[AI underlying logic] - Chapter 7 (Part 2): Computing resources & software code sharing

Continuing from the previous article...

Table of contents

Continuing from the previous article...

3. Computing resources

1. The first stage: data concentration

2. The second stage: resource cloudification

①Classification of “cloud”

②Virtualization technology

③Popularization of edge computing

4. Software code sharing

Summarize

  Highlights from the past:


3. Computing resources

Although the AlphaGo algorithm paper has been published, it is definitely a money-losing business to copy the second one from a commercial point of view, because it requires a large number of servers and data centers to support the algorithm implementation. For most AI applications, as long as it can be connected to the Internet, it can theoretically use nearly unlimited computing resources - turning physical resources (such as server equipment, computing nodes, storage nodes, network nodes, etc. ) Available on demand. This process has gone through two stages: data centralization and resource cloudification.

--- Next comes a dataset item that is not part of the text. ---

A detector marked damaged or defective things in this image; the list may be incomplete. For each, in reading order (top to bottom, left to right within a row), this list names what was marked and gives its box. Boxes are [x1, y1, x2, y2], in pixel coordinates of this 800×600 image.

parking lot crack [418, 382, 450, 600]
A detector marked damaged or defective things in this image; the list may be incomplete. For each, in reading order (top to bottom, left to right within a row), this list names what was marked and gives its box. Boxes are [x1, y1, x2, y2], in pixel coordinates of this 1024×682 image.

1. The first stage: data concentration

Data centralization : Build a large number of data center infrastructure and centralize data for use.

Data Center : Data Center, sometimes abbreviated as DC, such as the data center that provides Internet services such as website publishing, virtual hosting and e-commerce is called IDC (Internet Data Center), and the data center that provides cloud computing services is called CDC (Cloud Data Center). Center), others include Enterprise Data Center ( EDC ), Government Data Center ( GDC ), etc. ——There is no unified definition, but generally speaking, the broad sense of data center includes three levels of meaning :

① A physical space is an important infrastructure for enterprise information construction, providing the necessary physical place and supporting environment for the operation of information systems.

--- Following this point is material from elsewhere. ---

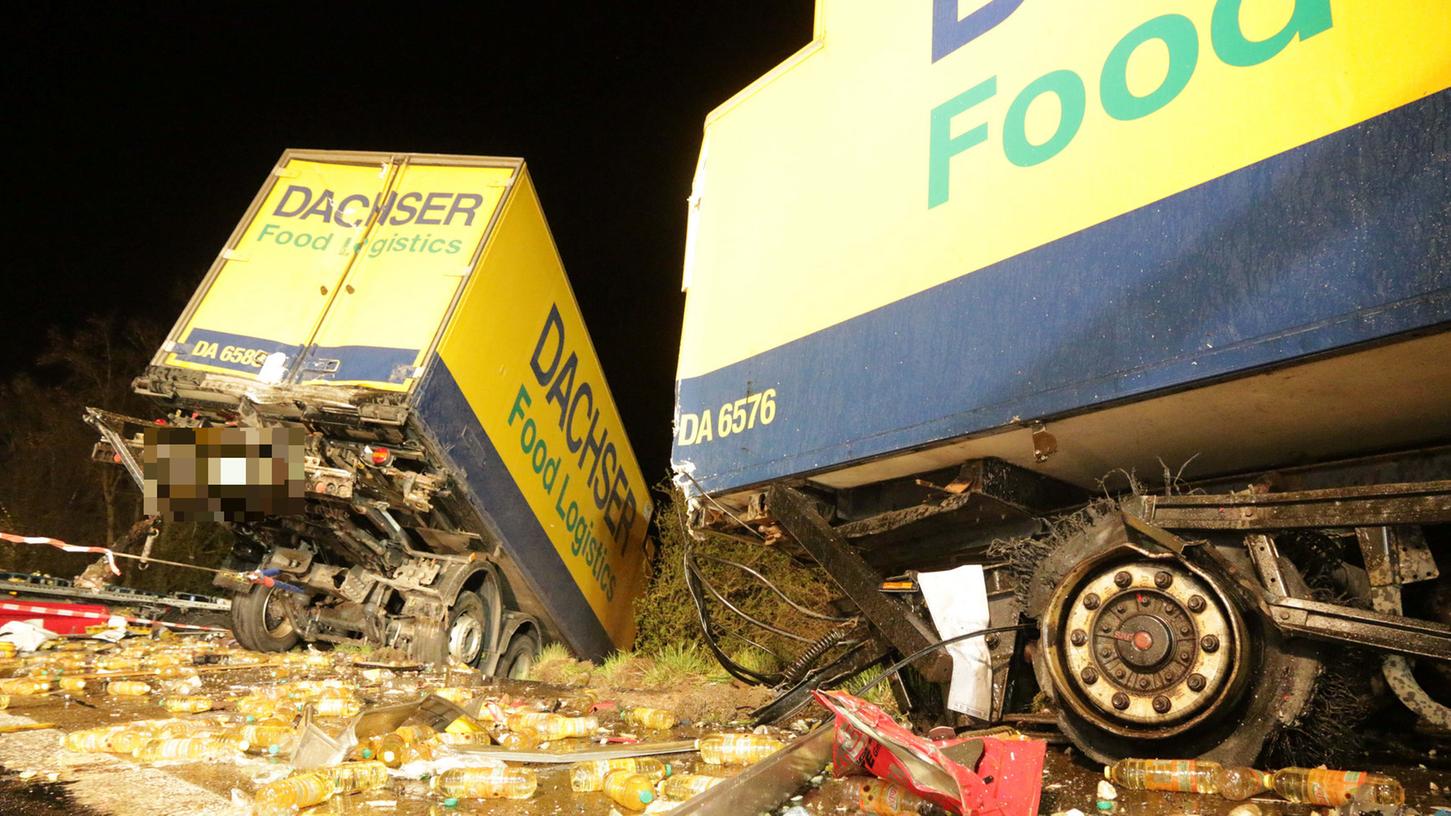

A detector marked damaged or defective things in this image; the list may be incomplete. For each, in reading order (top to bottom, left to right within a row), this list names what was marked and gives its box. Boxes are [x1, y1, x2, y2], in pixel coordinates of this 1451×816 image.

overturned truck trailer [90, 149, 652, 670]
overturned truck trailer [676, 3, 1451, 760]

②A logical architecture , which is the IT application environment formed by the large data concentration of enterprises, and is the hub for providing IT services such as data calculation, processing, and storage.

③ An organizational structure , that is, an organization or team responsible for the operation and maintenance of information systems through centralized operation, monitoring, management, etc. (responsible for ensuring system stability and business continuity).

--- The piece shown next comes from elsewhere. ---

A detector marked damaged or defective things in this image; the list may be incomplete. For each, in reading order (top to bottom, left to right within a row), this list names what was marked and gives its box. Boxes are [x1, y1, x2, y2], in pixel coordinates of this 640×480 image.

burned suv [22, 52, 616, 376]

Energy consumption : Data centers are huge energy consumers. Currently, the industry has reached and exceeded 1% of global energy consumption, and its green energy-saving construction plan has also been put on the agenda. Natural resources such as water energy, wind energy, and solar energy can be used in data centers to save energy consumption!

2. The second stage: resource cloudification

Resource cloudification : resources such as computing and storage are also centralized and turned into virtual resources to provide external services .

In 2006, Google first proposed the concept of "cloud computing". It believed that electronic devices such as mobile phones and computers are just ancillary equipment terminals to the Internet. In the future, all programs and data can be stored on the Internet, and people do not need to manage software. With upgrades and security patches, you don’t have to worry about losing important data.

Cloud usually refers to two aspects: ① Services , which are cloud services provided on the Internet. These services include cloud computing, cloud storage, cloud security, etc.; ② Technology , which is the technology platform that provides cloud services. This platform must solve the problems of big data, virtualization, etc. ization, distribution and other issues. The essence of the cloud is a very large-scale distributed system that transfers massive computing and storage tasks to a large number of computer nodes located in different physical locations.

①Classification of “cloud”

The development of almost all technologies is divided into: budding creative period-hype period-disillusionment period-recovery period-maturity period . Cloud computing is no exception!

The first is based on deployment methods , such as private cloud, public cloud, hybrid cloud, community cloud, industry cloud, etc. For most people, pure "cloud" refers to public cloud.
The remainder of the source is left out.